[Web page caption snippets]
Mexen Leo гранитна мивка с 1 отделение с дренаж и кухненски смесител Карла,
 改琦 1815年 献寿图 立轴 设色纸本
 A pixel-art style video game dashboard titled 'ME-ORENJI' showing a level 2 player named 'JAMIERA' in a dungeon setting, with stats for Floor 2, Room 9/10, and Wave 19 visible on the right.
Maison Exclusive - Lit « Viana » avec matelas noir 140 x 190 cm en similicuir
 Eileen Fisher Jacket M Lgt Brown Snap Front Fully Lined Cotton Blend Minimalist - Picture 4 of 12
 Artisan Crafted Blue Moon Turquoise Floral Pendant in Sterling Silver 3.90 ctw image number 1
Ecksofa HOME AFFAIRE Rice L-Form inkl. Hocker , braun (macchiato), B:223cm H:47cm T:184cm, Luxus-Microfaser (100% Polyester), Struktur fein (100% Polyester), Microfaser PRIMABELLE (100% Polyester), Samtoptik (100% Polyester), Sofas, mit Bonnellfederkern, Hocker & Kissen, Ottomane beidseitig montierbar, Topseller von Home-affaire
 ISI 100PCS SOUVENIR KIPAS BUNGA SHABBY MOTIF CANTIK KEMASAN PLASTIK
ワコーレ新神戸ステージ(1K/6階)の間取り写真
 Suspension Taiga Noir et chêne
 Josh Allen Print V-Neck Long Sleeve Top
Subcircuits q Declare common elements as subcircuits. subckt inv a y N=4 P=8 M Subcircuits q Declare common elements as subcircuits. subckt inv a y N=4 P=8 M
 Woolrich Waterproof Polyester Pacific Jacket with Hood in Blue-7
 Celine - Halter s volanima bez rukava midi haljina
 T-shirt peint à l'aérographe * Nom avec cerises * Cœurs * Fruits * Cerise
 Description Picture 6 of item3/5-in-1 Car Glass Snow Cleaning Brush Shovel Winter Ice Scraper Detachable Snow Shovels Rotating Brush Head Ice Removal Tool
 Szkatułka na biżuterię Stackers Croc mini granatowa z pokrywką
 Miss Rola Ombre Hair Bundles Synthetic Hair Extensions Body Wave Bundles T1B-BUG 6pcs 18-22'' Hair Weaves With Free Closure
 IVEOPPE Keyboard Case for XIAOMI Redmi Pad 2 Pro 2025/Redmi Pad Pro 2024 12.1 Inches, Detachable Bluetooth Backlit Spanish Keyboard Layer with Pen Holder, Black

**TASK TO COMPLETE:** Please make an exact copy of the lines above from the line with "ワコーレ新神戸ステージ(1K/6階)の間取り写真" through the line with "P=8 M Subcircuits", both ends included.

**SOLUTION FOR THIS PROBLEM:**
ワコーレ新神戸ステージ(1K/6階)の間取り写真
 Suspension Taiga Noir et chêne
 Josh Allen Print V-Neck Long Sleeve Top
Subcircuits q Declare common elements as subcircuits. subckt inv a y N=4 P=8 M Subcircuits q Declare common elements as subcircuits. subckt inv a y N=4 P=8 M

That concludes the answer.